Output exactly the lines of the listing below that run from the line with "Transactions in the" through the line with "Visitas 2024 de". No pictures.
* * *
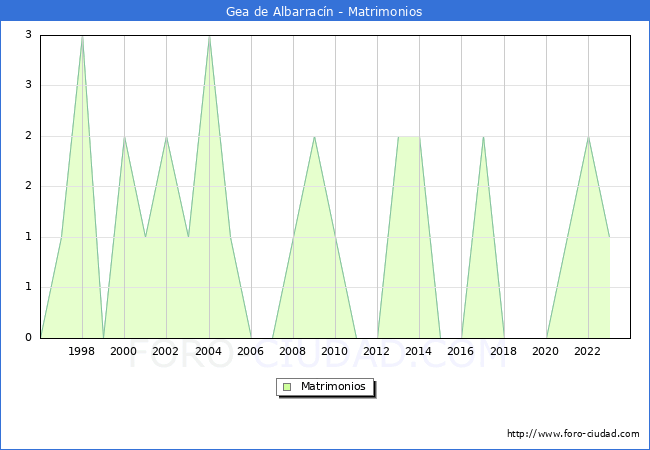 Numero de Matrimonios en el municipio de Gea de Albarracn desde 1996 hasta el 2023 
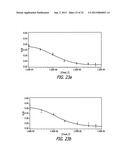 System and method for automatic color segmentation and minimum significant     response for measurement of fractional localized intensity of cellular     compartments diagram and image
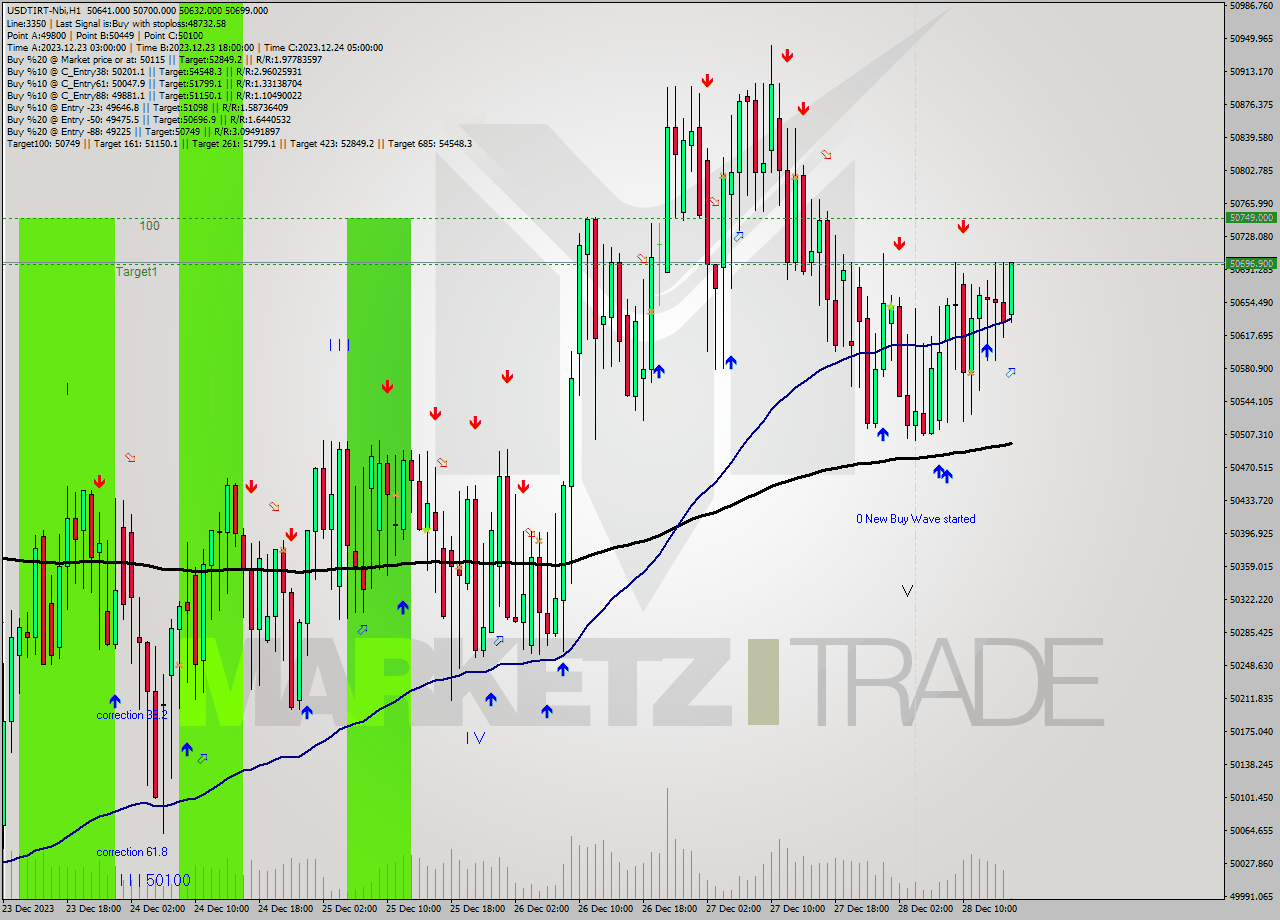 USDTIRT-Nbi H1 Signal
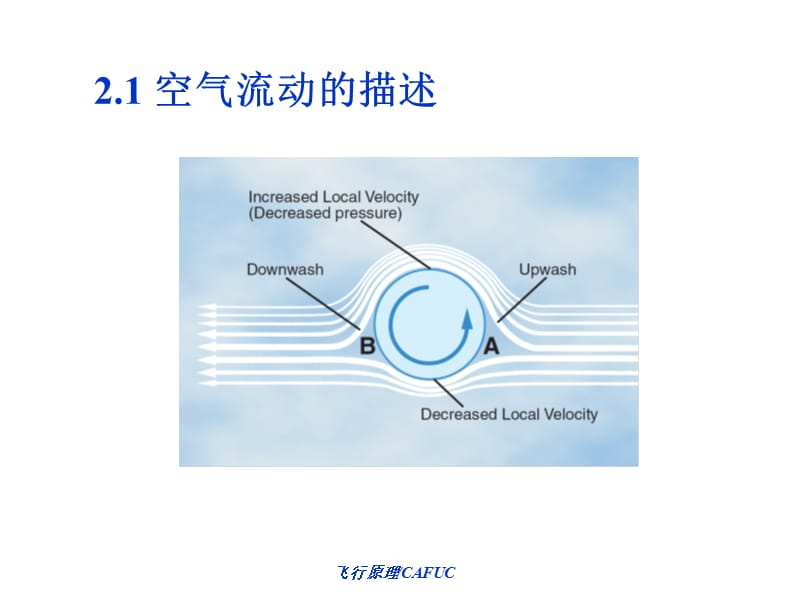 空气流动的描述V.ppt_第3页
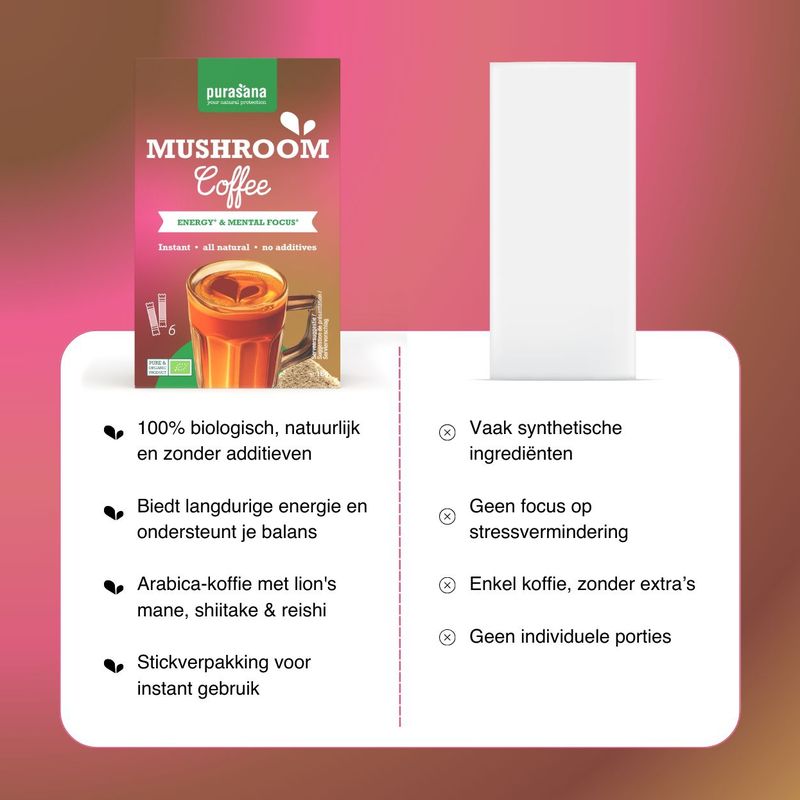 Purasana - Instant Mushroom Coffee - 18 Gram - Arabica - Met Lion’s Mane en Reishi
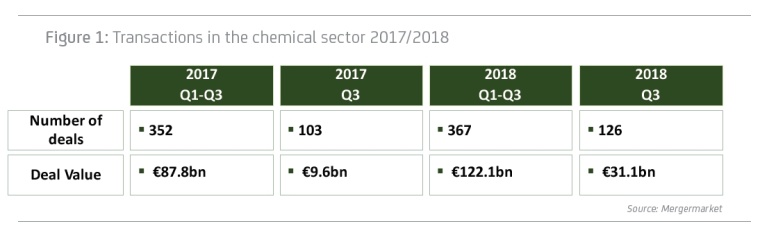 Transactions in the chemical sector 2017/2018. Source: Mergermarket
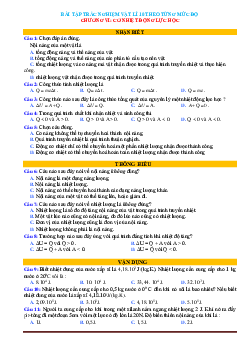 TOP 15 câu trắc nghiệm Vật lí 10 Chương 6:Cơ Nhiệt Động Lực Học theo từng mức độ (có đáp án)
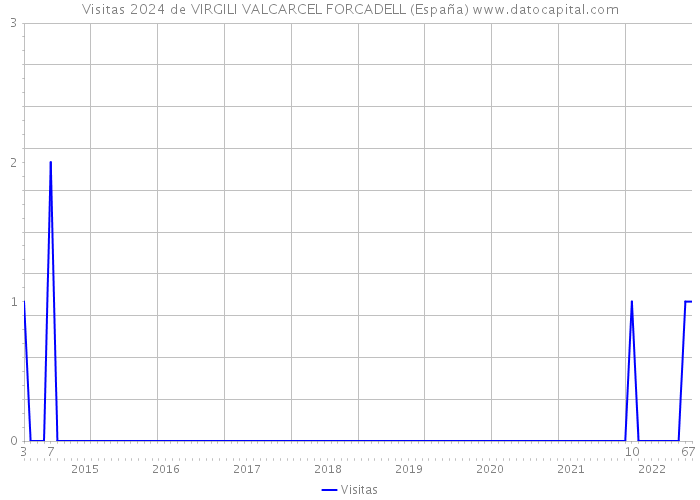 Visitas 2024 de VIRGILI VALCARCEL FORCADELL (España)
* * *
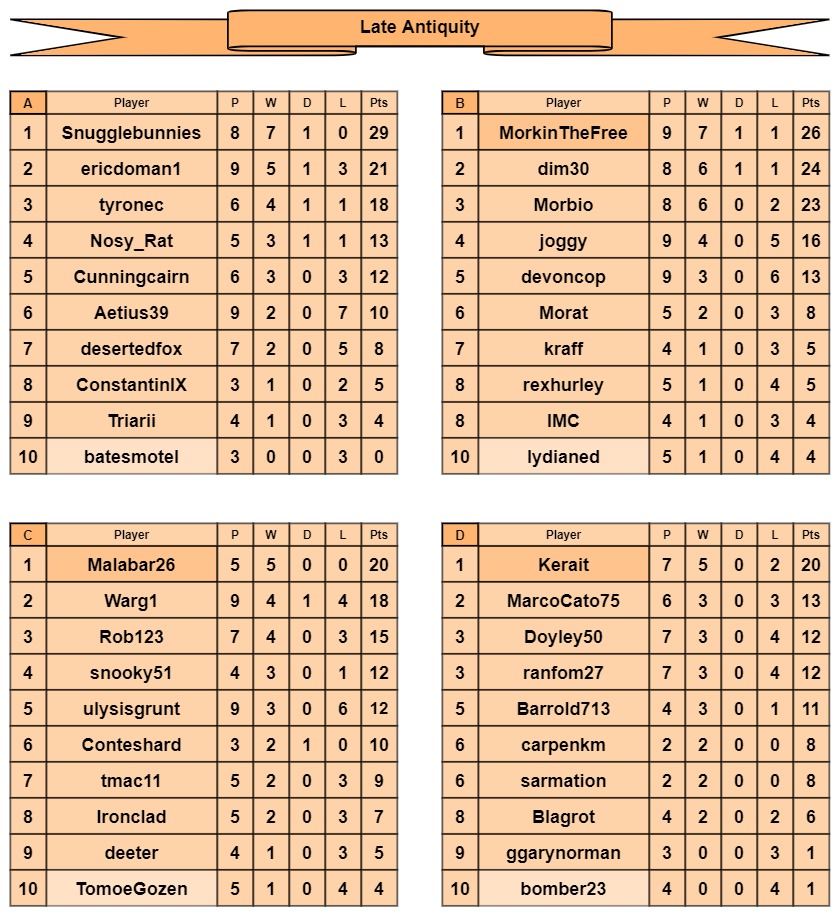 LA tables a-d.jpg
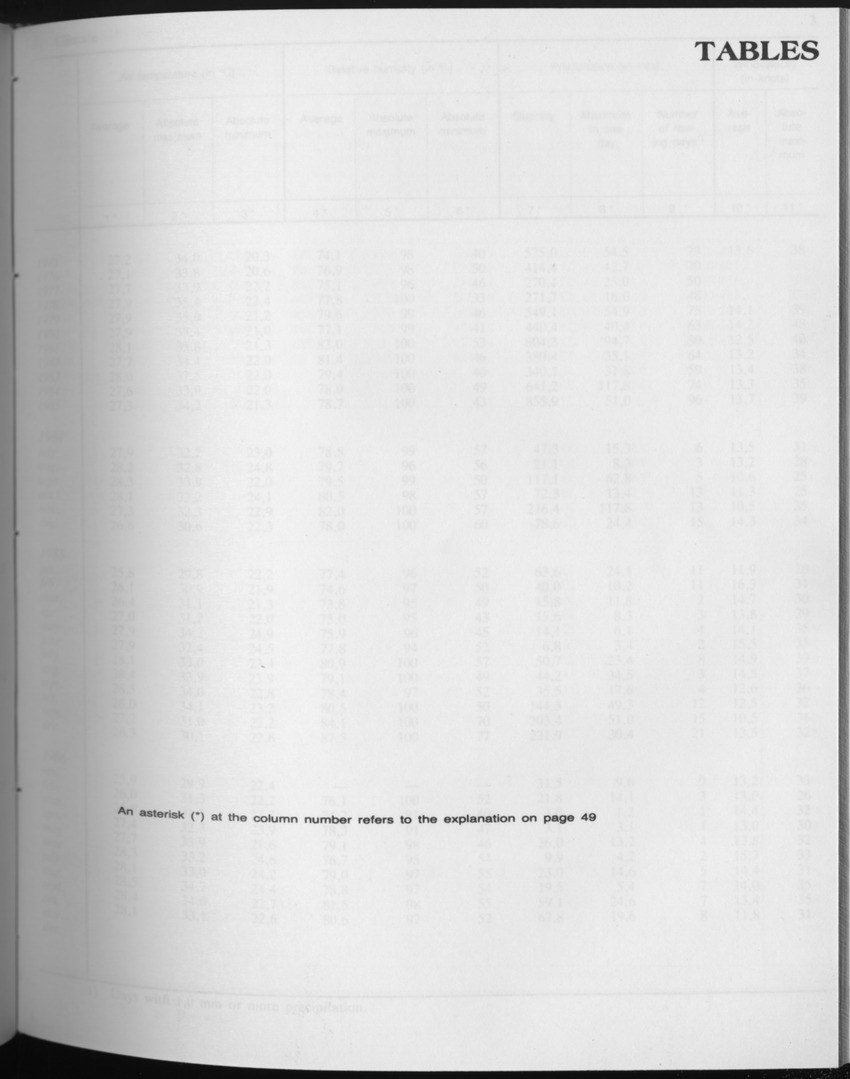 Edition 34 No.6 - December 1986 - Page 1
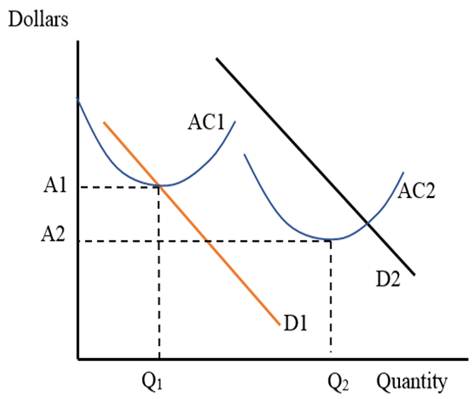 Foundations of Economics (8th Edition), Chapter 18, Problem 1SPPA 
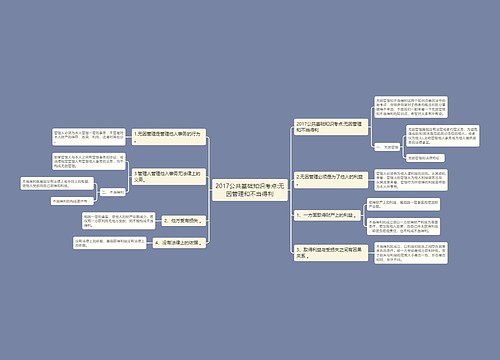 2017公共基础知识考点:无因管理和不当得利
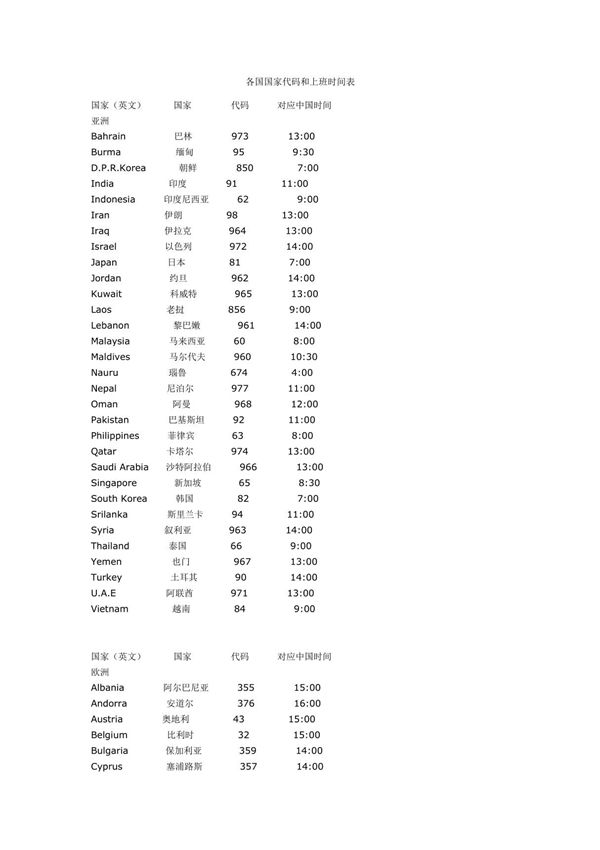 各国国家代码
* * *
* [Task solution]:
 Transactions in the chemical sector 2017/2018. Source: Mergermarket
 TOP 15 câu trắc nghiệm Vật lí 10 Chương 6:Cơ Nhiệt Động Lực Học theo từng mức độ (có đáp án)
 Visitas 2024 de VIRGILI VALCARCEL FORCADELL (España)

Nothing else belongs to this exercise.